Looking at the Lord's Supper
23rd August 2021
Looking Back
Jillian and I celebrated a wedding anniversary last week – 14 years – and, inevitably, conversation drifted back to the day we were married, it went further back to when we met, and then, as you’d imagine, Jillian questioned how she’d managed to put up with me for so long!
An anniversary causes us to look back to the promises we made with each other on our wedding day and, in doing so, it helps us reaffirm our ongoing love and commitment to each other. Looking back to our wedding day helps our relationship today. Similarly, the Lord’s Supper invites us to look back on what Christ has done for us in his sacrificial death. And remembering Jesus’ death helps us reaffirm our ongoing love and commitment to Him. When we look back to what Jesus has done for us, it helps our relationship with Him today.
It was Jesus who established the Lord’s Supper on the eve of his death as an act of remembrance. Luke records the events in chapter 22,
And he took bread, and when he had given thanks, he broke it and gave it to them, saying, “This is my body, which is given for you. Do this in remembrance of me.” And likewise the cup after they had eaten, saying, “This cup that is poured out for you is the new covenant in my blood. (Luke 22:19-20)
So the Lord’s Supper causes us to look back to Jesus’ sacrificial death in which He took our place and became the sin punishment for us. We look back to the event and we also look back to what it achieved for us. We do not simply remember the death of a man but we recall that this man’s death accomplished our salvation, secured our forgiveness, and is the means by which we enter His Kingdom.
Going even further back
Of course, the Lord’s Supper finds its roots in the Passover. The story of the exodus is a story of God rescuing His people from slavery. Enslaved by the Egyptians, God rescued His people from the final plague sent upon Egypt. All the first-born children in Egypt died as a judgement from God for their refusal to acknowledge God and heed His words, and for their oppression of the Israelites. And so God instructed the Israelites to slaughter a lamb and paint the lamb’s blood on the lintels of their doorpost. When death struck the nation, the homes bearing the lamb’s blood were passed over and all in the home were saved.
The lamb died but the first-born children did not.
As Jonathan Griffiths writes,
“The Passover meal was to be a continual reminder of the great salvation that God brought to his covenant people through a great act of judgment.”

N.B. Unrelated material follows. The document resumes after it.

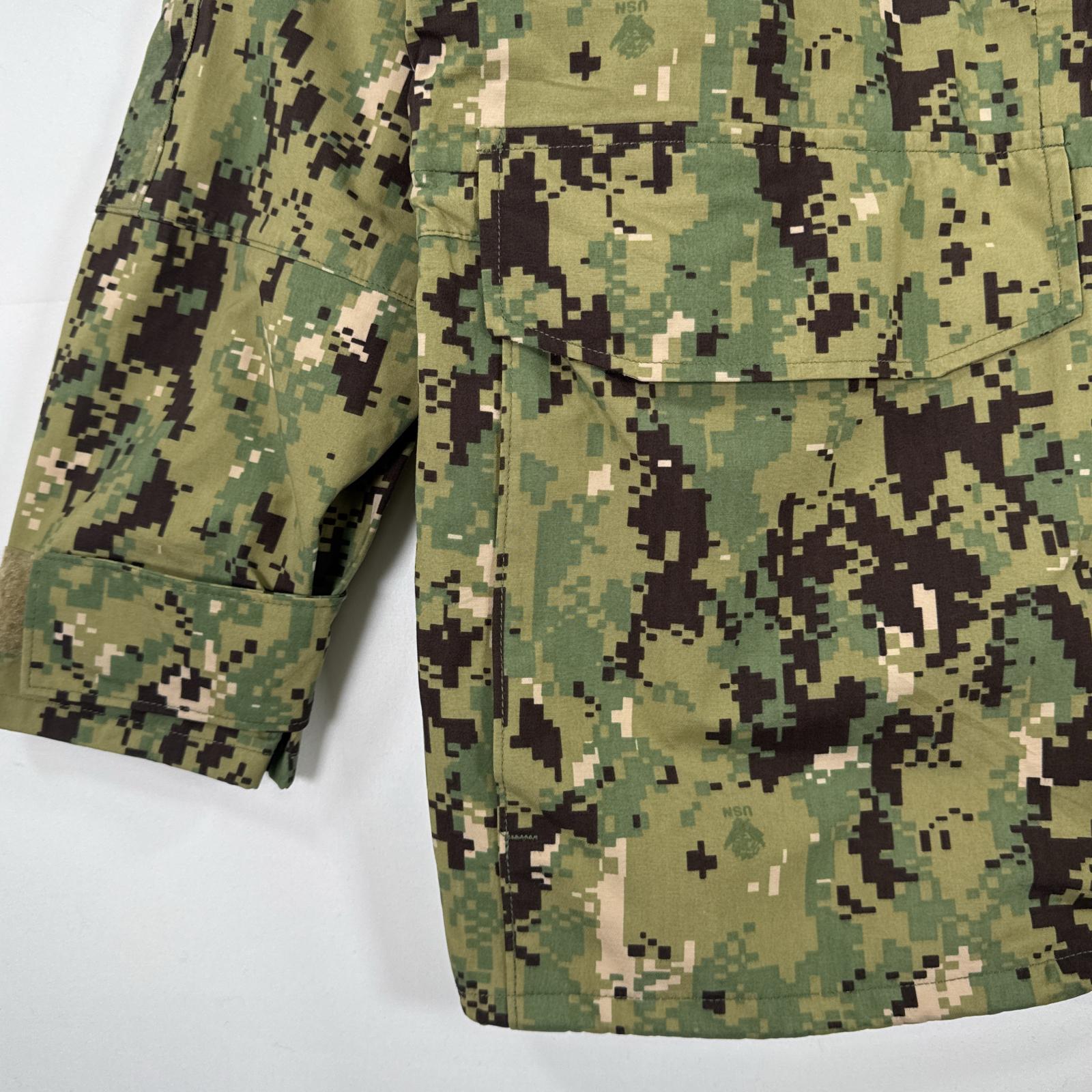 古着 ミリタリージャケット ECWCS ゴアテックスパーカー デジタルカモフラ デジカモ GORE-TEX 米軍 small regular グリーン系 メンズ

And in the upper room, Jesus ties Himself into this great story. In his broken body and shed blood, He becomes the Passover lamb. All those covered by His blood are passed over when judgement comes. Jesus died so the children of God do not.
So the Lord’s supper becomes a continual reminder for the believer of the great salvation that God has brought to us through the sacrifice of Jesus – a sacrifice that was an act of God’s judgement as the wrath we rightly deserved was borne by Jesus.
Remembering
Remembering in the Bible has a very specific meaning. When the Bible talks about God remembering, it is not saying that God was absent minded, forgot about His people or His promises and then suddenly remembered them. No! When the Bible talks about God remembering, it is a signal that God is about to act on the basis of what He had promised.
Remembering in the Bible is active. Remembering in the Bible involves action.
God would encourage His people to remember what He had done for them. And in doing so, He gave them things to help them remember. The Passover meal was shared and eaten as an active act of remembrance; memorial stones or alters were built as an act of remembrance.
And so similarly, in the Lord’s Supper, the act of sharing and eating the supper together is an active remembering.
In recent weeks at Calderwood, we’ve used the phrase ‘living knowledge’ to describe the goal of learning about Jesus as gaining knowledge that transforms our lives. It is not inactive and powerless but active and powerful. Similarly in the Lord’s Supper, we practice ‘living remembrance’. It is not inactively looking back on a historical event but is an act of remembrance that is active, powerful, and life-transforming.
So when we take the Lord’s Supper together, we look back. We look back to the work of Christ on the cross that has redeemed and saved us. We do not look back as those opening a history book unaffected by the events. But we look back as those whose lives have been forever altered by this great of act of love, mercy and grace.